Für ein Ja zu den Gegenvorschlägen und die Initiativen waren die Alternative Linke Winterthur, die Grünen und die SP.

Die Mitte, FDP und SVP warben für ein Nein gegen die Initiativen sowie die Gegenvorschläge

Der Stadtrat lehnte die Initiativen und Gegenvorschläge ab, weil beide unverhältnismässig hohe Kosten und Aufwände verursachen und die Erreichung der ökologischen Ziele gefährden (z. B. den Ausbau der Fernwärme). So die Abstimmungsempfehlung.

Für die Gegenvorschläge aber gegen die Stadtklima-Initiativen waren die GLP und EVP.
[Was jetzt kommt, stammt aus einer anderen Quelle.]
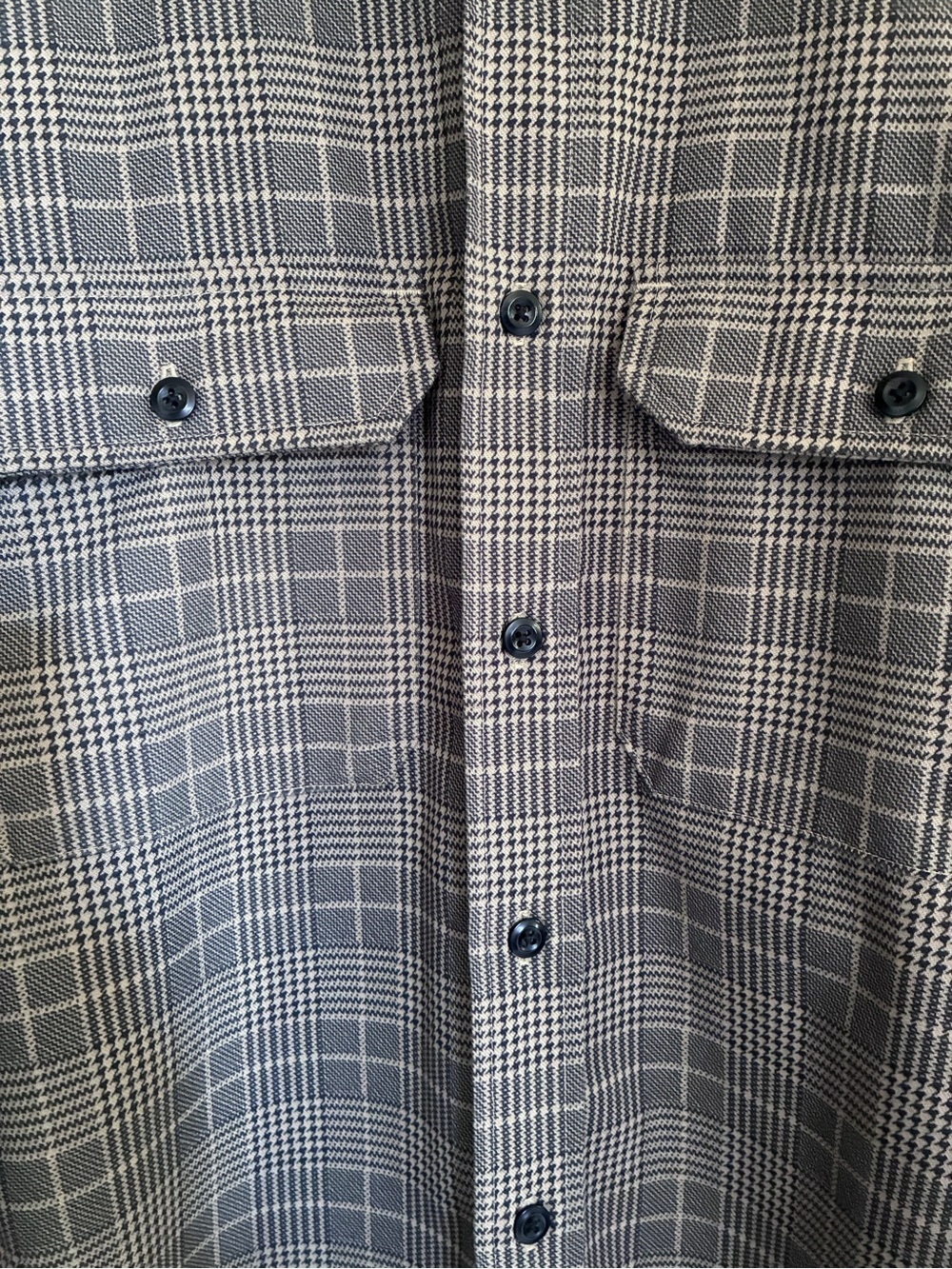 Vintage Cabela's Beige Tan Cabincore Workwear Plaid Chore Shirt Sz LT - Picture 6 of 12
Doch was heisst das konkret? In Winterthur entstehen neue Grünflächen im Umfang von 5’300 Quadratmetern pro Jahr und es werden insgesamt 500 Bäume gepflanzt. Hinzukommen jährlich 11’300 Quadratmeter Strasse, die anstatt von Autos von Fussgängern, Velofahrerinnen und ÖV genutzt werden. Das sind 250’000 Quadratmeter Strasse, was etwa 35 Fussballfeldern entspricht. Die genauen Details zur Umsetzung müssten allerdings noch ausgearbeitet werden, so Meier.

Jetzt Zürich

Bereits im September beschäftigt die Stadtklima-Initiative die Stadtzürcher Bevölkerung. Auch hier sieht der Stadtrat die Vorstellungen der Initianten als zu umfangreich an und legt zwei Gegenvorschläge vor.

Diese sehen vor: Innerhalb von 10 Jahren sollen in Zürich 462 000 Quadratmeter Strassenfläche für Fussgänger, Velos und ÖV umgewandelt werden. Weitere 145 000 Quadratmeter Strasse sollen für Bäume und Grünflächen genützt werden. Damit trifft Zürich immer noch die Bedürfnisse der Initianten. Umverkehr hat in der Limmatstadt die Stadtklima-Initiative zurückgezogen.